Mr. Paden, the prosecuting attorney, told the court that on the morning of May 13, 1974, while Mr. Donnelly was in his office, a person representing himself to be an attorney in Houston, Texas, called him stating that appellant was then in his office and requested a continuance. Mr. Paden advised the lawyer that the state would not agree to any continuances, and bond forfeiture would be initiated, and warrants for appellant would issue. The court did that day issue a warrant for appellant’s arrest.

The Sheriff of DeKalb County, Missouri had appellant in his custody on the confidence game charge, but subsequently released him on bail bond being made. The next time he saw appellant was some two months before the instant trial in 1975 when he went to Chicago and took charge of him as the result of extradition proceedings. It is stated in the record that appellant was acquitted of the charge of operating a confidence game.

Appellant’s first subpoint of Point I is that the trial court erred in finding him guilty of “willfully failing to appear” since there was no evidence of “willfullness.” It is argued, citing United States v.

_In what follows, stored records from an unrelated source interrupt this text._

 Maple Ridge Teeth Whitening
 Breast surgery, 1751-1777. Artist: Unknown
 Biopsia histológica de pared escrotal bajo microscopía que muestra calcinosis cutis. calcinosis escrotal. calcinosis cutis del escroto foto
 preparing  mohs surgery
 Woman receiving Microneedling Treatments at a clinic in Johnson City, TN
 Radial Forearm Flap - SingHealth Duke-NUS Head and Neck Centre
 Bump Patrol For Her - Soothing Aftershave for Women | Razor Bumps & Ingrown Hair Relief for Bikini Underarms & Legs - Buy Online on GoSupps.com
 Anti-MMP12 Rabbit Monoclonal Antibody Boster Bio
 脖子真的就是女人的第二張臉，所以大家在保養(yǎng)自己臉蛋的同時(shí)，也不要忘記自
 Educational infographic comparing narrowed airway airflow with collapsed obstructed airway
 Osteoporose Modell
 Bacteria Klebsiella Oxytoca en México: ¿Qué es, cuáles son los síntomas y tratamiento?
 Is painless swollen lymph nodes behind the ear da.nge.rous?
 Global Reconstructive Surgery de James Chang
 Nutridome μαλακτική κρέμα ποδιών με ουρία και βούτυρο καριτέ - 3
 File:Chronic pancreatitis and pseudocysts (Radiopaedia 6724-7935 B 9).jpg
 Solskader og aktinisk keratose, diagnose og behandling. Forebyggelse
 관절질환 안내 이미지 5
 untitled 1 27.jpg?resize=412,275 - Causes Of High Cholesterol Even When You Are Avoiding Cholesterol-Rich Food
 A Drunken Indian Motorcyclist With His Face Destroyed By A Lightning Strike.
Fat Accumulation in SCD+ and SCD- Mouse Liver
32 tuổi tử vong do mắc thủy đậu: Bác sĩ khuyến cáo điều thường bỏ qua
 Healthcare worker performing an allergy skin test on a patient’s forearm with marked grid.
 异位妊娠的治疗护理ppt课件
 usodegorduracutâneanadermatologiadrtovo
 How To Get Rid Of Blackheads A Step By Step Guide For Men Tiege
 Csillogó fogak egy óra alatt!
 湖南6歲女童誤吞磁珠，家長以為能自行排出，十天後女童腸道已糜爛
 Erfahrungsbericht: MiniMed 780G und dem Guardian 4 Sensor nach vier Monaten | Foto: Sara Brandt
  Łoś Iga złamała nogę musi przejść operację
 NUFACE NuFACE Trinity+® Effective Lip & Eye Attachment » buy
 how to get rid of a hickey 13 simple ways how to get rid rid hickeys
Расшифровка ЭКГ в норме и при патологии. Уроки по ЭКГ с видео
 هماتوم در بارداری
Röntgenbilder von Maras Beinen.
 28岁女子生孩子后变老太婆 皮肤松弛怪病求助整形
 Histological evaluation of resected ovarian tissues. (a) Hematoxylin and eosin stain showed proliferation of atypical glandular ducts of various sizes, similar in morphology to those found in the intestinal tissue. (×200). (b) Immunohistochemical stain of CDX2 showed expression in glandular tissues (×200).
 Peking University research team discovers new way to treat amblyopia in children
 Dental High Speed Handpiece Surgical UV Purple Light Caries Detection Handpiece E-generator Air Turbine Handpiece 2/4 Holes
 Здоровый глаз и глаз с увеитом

Reed, 354 F.Supp. 18 (D.C.Mo.1973), that mere proof of nonappearance for trial standing alone is insufficient to establish that a defendant, charged under the federal nonappearance statute, “willfully” failed to appear. Coupled with this argument is the contention that the unsworn statements of appellant’s counsel, and the other hearsay statements bearing upon appellant’s knowledge of the trial date, cannot be considered. These un-sworn statements of counsel and other hearsay statements, were contained in the court’s records, offered and received into evidence without objection. As noted, it was appellant’s own counsel who made the statements to the court, and the quote from State v. Levy, 262 Mo. 181, 170 S.W. 1114, 1117 (1914), set forth in State v. Jacks, 525 S.W.2d 431, 434 (Mo.App.1975), is applicable to the situation here: “ ‘Courts are war*946ranted in acting upon the admissions of counsel in the trial of a cause. They are officers of the court, and represent their clients, and their admissions thus made bind their principals.’ ” The statements of appellant’s counsel, and other hearsay statements, being certainly not without probative value on the issue of appellant’s actual knowledge of the trial date, being admitted without objection, were in the case for all purposes to be considered by the trial court. State v. Bradley, 515 S.W.2d 826, 828 (Mo.App.1974) and cases cited. The argument is without merit, and what has been said disposes of appellant’s second subpoint to Point I that the state failed to prove that he had actual notice that he was to appear for trial on May 13, 1974. Buttressing this holding is the additional evidence in the court’s record that the clerk mailed a copy of the order setting the case for trial to appellant. This creates a rebuttable presumption that the mailed matter was subsequently received. Hall v. American Insurance Union, 27 S.W.2d 1076, 1078 (Mo.App.1930); Williams v. Northeast Mutual Insurance Association, 51 S.W.2d 142, 143 (Mo.App.1932); State v. Euge, 349 S.W.2d 502, 506[9] (Mo.App.1961); and U. S. v. Garrity, 433 F.2d 649, 652[4] (8th Cir. 1970).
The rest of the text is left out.